Jo 17I am always amazed at the power of memory. At times, only a slight aroma of something or the sound of a particular piece of music or even the atmosphere in a room can thrust us back in time to places and events we thought we had forgotten forever.

I cannot smell the distinctive perfume of the yellow and white blossoms on our frangipani tree without remembering the two frangipani trees in the front yard of our grandparents’ home in Brisbane and the fun we had as kids, making leis from those fragrant flowers. I cannot eat black grapes without remembering the delicious, old Isabella grapes our grandfather grew. And occasionally towards evening, when I go to turn on the lights in our kitchen, for a fleeting moment I am back the dimness of our grandparents’ dining room as I remember how our grandfather would leave the lights off until really necessary, in order not to waste electricity.

Whenever I handle a ball of wool, I remember with almost painful clarity how beautifully my grandmother knitted and how patiently she would unravel those mistakes I made as a child or pick up my many dropped stitches. And whenever I sit down at the piano I inherited from her and play those old Scottish and Irish ballads my grandfather used to sing, even the musty smell of the sheet music brings the memories flooding back. In an instant, I am a twelve-year-old again, sitting at that same piano in my grandparents’ dark lounge room, trying my best not to ruin those same beautiful, old melodies.

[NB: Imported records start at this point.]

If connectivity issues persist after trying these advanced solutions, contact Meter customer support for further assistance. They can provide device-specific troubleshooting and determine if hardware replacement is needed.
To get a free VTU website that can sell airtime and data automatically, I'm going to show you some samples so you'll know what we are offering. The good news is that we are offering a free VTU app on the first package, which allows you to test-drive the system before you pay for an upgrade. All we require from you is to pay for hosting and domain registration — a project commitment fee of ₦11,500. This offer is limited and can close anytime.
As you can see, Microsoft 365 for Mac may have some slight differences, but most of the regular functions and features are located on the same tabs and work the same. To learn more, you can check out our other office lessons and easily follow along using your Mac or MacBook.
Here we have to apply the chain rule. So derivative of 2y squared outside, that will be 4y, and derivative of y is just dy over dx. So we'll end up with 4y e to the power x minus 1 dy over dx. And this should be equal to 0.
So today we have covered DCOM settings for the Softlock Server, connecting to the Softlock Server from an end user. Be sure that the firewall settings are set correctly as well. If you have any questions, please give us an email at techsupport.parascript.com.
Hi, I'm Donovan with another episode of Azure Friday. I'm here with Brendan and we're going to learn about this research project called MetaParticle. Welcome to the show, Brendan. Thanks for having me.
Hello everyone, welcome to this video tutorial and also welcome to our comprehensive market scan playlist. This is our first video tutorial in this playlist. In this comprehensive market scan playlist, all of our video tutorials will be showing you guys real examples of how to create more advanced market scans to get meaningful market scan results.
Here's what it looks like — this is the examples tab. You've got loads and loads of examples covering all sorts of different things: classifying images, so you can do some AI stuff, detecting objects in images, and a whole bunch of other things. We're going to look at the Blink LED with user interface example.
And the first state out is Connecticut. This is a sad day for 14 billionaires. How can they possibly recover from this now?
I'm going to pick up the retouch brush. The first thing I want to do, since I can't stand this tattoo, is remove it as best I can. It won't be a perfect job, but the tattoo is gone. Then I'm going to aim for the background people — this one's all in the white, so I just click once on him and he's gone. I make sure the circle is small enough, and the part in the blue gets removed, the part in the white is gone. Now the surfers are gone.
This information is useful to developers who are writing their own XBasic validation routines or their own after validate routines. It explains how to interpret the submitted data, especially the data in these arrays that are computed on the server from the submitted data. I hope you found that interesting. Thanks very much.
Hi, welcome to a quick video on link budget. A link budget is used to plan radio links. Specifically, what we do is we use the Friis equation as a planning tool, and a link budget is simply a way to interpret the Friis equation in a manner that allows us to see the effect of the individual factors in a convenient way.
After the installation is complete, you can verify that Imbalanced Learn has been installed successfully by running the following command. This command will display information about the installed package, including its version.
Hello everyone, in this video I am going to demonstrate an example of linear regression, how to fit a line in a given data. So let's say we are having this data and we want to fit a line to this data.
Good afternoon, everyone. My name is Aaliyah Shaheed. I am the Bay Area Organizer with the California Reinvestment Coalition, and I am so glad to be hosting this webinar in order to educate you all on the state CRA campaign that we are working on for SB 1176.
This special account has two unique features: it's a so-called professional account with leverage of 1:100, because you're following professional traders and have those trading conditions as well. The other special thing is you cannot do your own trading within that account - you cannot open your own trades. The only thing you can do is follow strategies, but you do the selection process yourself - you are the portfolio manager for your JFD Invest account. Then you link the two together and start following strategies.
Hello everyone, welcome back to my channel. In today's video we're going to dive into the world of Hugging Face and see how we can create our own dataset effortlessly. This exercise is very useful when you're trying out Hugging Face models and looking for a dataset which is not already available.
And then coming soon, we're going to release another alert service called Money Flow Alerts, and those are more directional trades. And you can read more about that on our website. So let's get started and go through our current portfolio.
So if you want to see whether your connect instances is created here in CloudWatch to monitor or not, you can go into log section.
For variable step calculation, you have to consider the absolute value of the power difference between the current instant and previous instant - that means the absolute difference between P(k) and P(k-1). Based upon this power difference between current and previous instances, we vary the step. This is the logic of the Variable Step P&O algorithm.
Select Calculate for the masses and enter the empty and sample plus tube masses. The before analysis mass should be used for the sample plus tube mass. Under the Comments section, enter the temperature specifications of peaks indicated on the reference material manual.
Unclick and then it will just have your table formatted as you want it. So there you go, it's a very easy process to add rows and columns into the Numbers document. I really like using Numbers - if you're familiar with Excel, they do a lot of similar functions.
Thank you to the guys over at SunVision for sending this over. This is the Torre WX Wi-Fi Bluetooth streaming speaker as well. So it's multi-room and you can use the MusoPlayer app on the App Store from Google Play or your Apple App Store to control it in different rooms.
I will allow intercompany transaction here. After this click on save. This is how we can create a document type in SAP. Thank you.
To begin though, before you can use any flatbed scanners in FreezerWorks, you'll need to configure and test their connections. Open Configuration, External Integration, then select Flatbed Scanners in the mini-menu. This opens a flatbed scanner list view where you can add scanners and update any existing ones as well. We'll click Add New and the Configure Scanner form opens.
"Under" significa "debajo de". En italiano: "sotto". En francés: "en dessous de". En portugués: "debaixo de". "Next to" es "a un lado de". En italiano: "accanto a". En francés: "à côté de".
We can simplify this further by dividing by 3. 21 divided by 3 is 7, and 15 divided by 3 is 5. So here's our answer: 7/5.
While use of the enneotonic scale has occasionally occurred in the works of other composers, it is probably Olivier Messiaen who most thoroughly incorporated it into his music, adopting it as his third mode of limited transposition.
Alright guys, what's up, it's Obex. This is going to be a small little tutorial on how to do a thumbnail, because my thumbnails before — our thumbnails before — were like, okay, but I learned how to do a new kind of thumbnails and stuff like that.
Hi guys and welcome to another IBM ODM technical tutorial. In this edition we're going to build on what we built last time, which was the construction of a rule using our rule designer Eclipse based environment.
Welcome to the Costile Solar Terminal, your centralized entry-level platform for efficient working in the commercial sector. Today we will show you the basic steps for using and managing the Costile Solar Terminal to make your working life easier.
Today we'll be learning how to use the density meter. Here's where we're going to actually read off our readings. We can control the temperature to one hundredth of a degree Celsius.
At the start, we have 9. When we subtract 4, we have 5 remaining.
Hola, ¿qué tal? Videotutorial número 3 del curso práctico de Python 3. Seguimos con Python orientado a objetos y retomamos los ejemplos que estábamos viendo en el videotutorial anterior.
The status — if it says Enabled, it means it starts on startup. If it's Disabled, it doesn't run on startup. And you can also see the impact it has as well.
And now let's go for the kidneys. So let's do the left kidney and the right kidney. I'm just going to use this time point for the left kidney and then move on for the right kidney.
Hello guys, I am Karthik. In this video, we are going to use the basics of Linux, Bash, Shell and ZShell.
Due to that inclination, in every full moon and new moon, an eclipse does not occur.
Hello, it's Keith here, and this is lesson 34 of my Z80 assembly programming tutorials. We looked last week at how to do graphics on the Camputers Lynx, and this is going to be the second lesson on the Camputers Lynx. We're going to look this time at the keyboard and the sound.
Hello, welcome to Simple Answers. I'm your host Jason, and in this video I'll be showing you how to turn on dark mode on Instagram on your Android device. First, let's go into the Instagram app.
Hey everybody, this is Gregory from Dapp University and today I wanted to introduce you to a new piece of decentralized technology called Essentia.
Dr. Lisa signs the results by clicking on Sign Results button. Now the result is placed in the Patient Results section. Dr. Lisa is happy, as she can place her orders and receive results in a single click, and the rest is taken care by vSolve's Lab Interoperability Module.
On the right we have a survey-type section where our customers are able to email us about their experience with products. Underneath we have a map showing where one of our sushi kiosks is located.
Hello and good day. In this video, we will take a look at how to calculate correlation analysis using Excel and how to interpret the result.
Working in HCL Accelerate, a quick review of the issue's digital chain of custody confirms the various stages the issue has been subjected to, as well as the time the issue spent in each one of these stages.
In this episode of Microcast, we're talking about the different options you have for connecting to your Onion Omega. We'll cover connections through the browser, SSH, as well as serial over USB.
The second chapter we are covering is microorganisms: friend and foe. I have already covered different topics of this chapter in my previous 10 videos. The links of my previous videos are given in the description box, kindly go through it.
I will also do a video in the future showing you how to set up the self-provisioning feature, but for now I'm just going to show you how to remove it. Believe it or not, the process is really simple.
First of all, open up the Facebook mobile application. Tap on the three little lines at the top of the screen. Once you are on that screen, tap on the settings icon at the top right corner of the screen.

If all these childhood memories can return so readily, why is it not the same with God’s gracious workings in my life over the years?  Why are those times when God spoke to me so clearly or rescued me from some situation or was just there so close for me in such power and strength so easily forgotten?

Yes, I well remember the night as a fifteen-year-old when I was blown away to discover God is real and alive and that God knows and loves me. I remember too that morning as young mum when Jesus challenged me to walk more closely with him. I remember the clear picture years later one New Year’s Eve when I saw Jesus holding me as a baby, gazing at me with such delight, loving me before I had achieved anything. But how easily I forget those many, many other times God has spoken or reached out to me in some way or intervened in my life! How often the enemy, I believe, snatches away these memories so that we lose sight of God’s gracious and ever-present hand on us!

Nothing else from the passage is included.